We dive into the 1990 Bob Welch paradox: 27 wins and a Cy Young Award, yet teammates and rivals outpaced him on ERA, strikeouts, and complete games. That puzzle opens a bigger question: which metrics actually isolate individual performance, and which are shaped by teammates, ballparks, and managerial choices? From Joe Carter’s RBI surge behind elite on-base talent to Barry Bonds hitting 73 homers with surprisingly modest RBI totals due to empty bases, we expose how batting order and lineup construction warp the box score.

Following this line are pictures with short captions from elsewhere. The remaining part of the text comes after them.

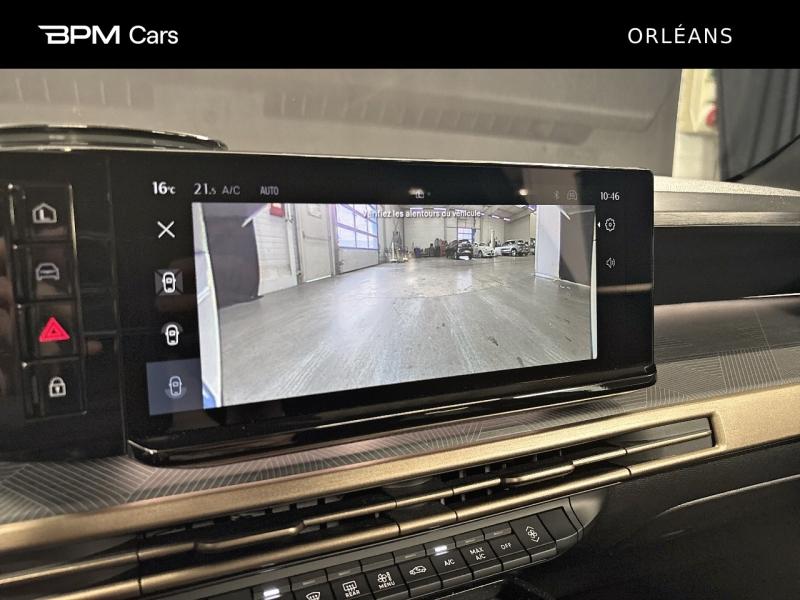 Image LANCIA Ypsilon 1.2 Ibrida 100ch LX eDCT6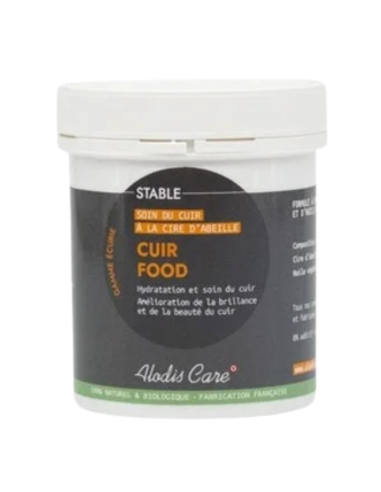 Baume Alodis Care Cuir Food 200g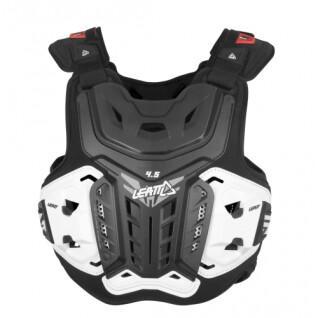 Motorcycle chest protector Leatt 4.5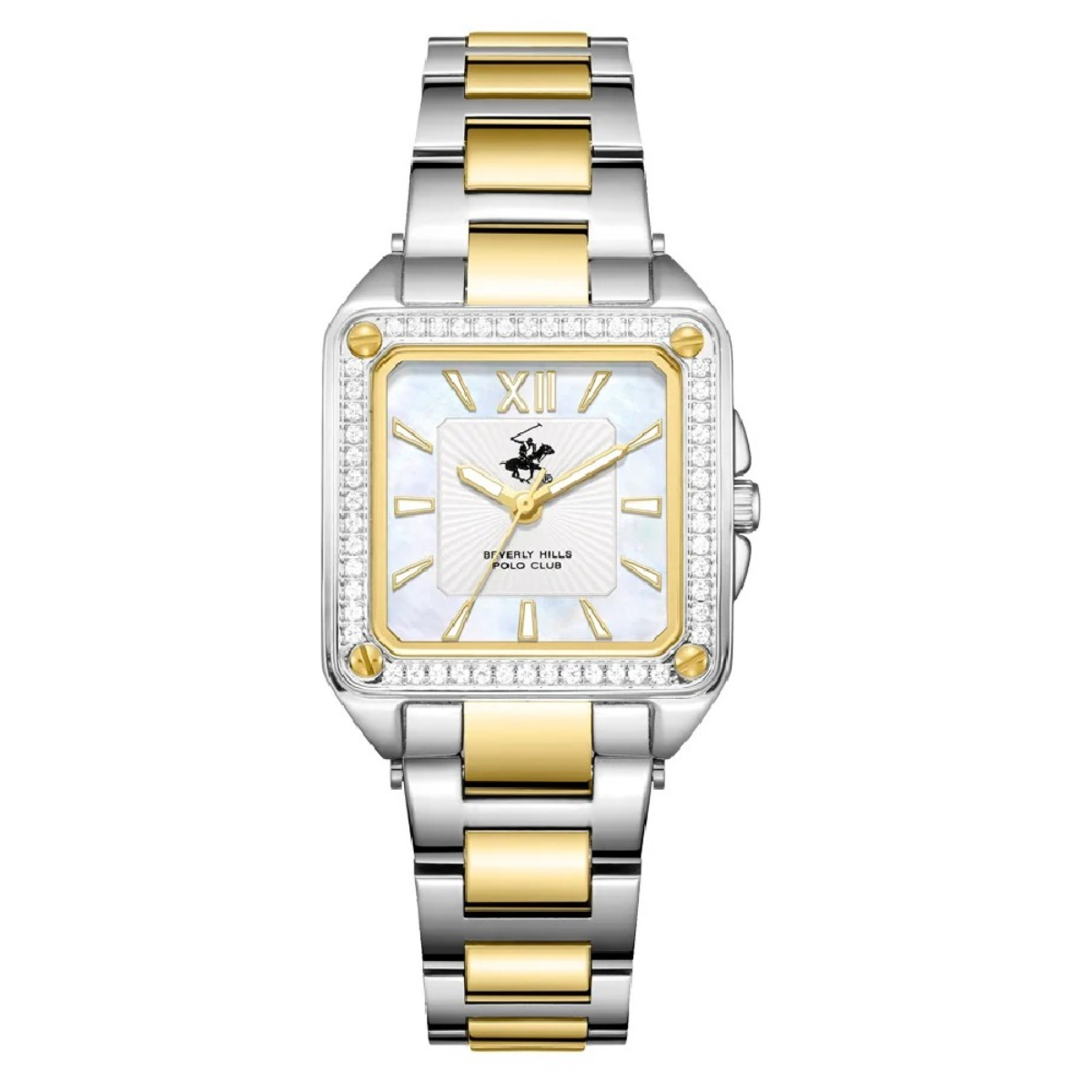 Beverly Hills Polo Club Watch For Women BP3671C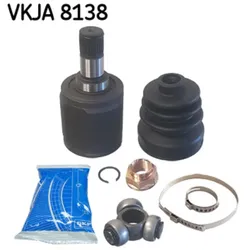 Gelenksatz Antriebswelle SKF VKJA 8138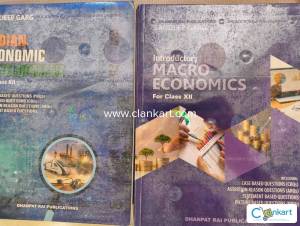 Sandeep garg micro and indian Economic development class 12
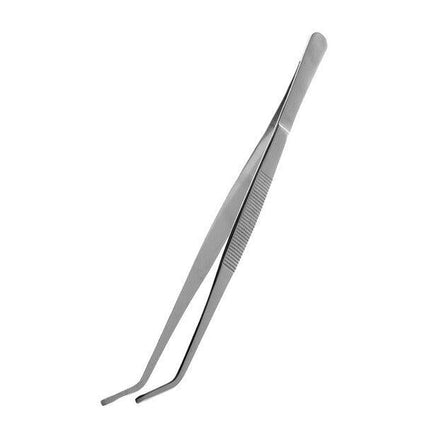 Komodo Stainless Steel Feeding Tongs, 25cm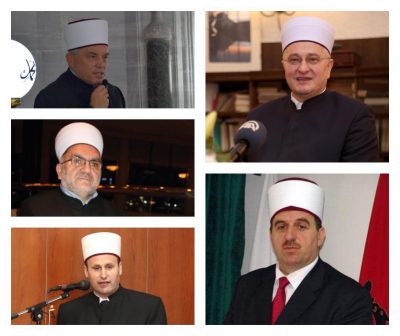 رؤساء المشيخات الإسلامية والمفتين بدول البلقان يؤيدون قرار المملكة بمحدودية الحج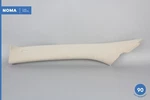 03-04 Jaguar S-type X202 Front Left Driver Side A Pillar Cover Trim Adx Oem. Fixed Price $34.24.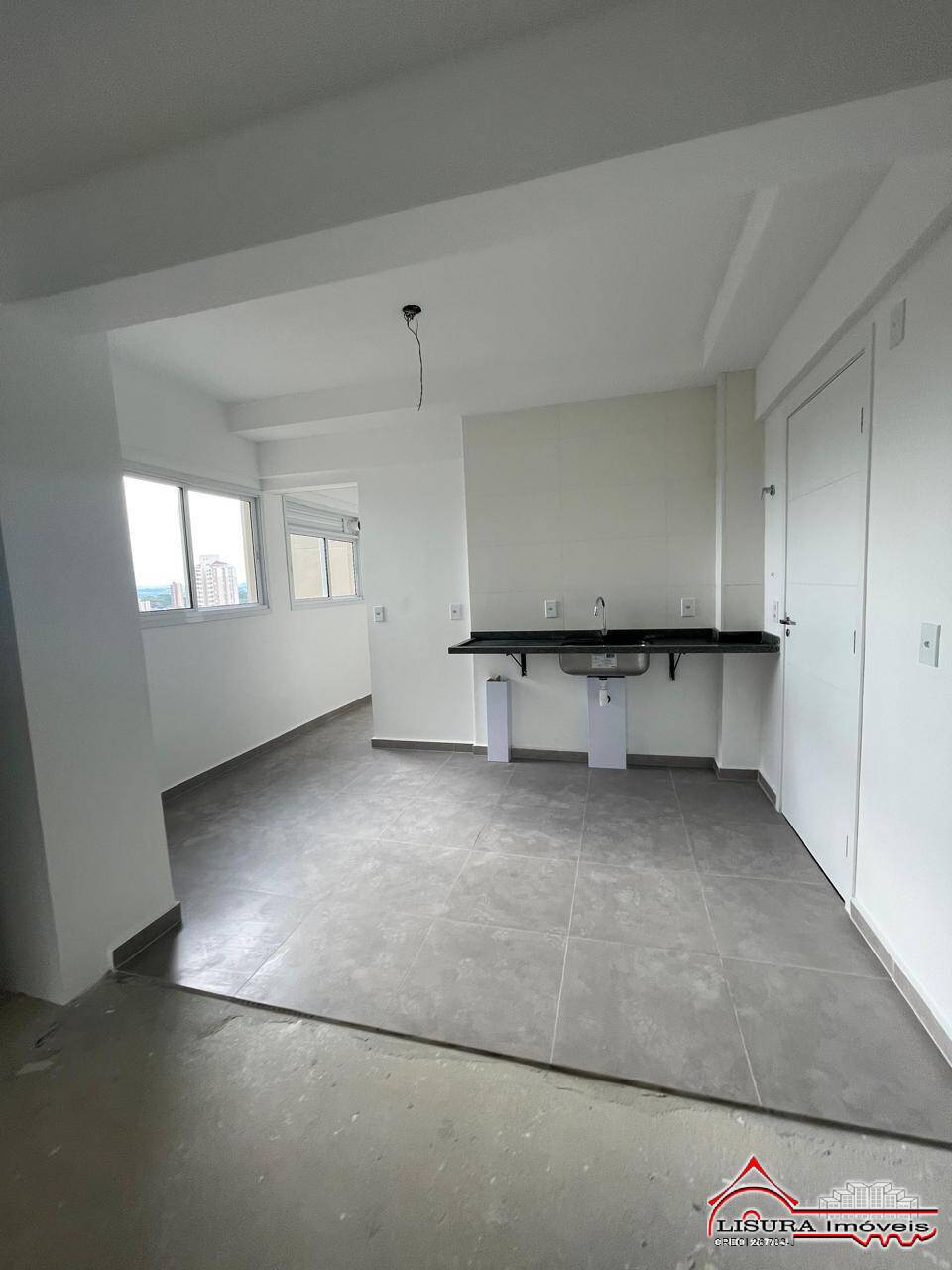 Apartamento à venda com 3 quartos, 101m² - Foto 6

History adds its own twists. The spitball era and Ray Chapman’s tragic death led to cleaner balls and better visibility, boosting offense and safety in one stroke. Ball color experiments—yellow and orange—nearly stuck, while a quiet 1957 innovation, the glove hinge, expanded one-handed range and redefined defense. We also unpack error scoring and how risk-taking can penalize bold fielders while rewarding caution, plus the subtle influence of grounds crews tipping the scales with surface prep.

Beyond the diamond, we connect these lessons to smarter analytics in business and life: understand what a metric truly measures, know the system around it, and slow down enough to look beneath the headline number. If you care about performance, incentives, and how tools shape outcomes, this conversation will give you a sharper lens and a deeper appreciation for the game’s soul.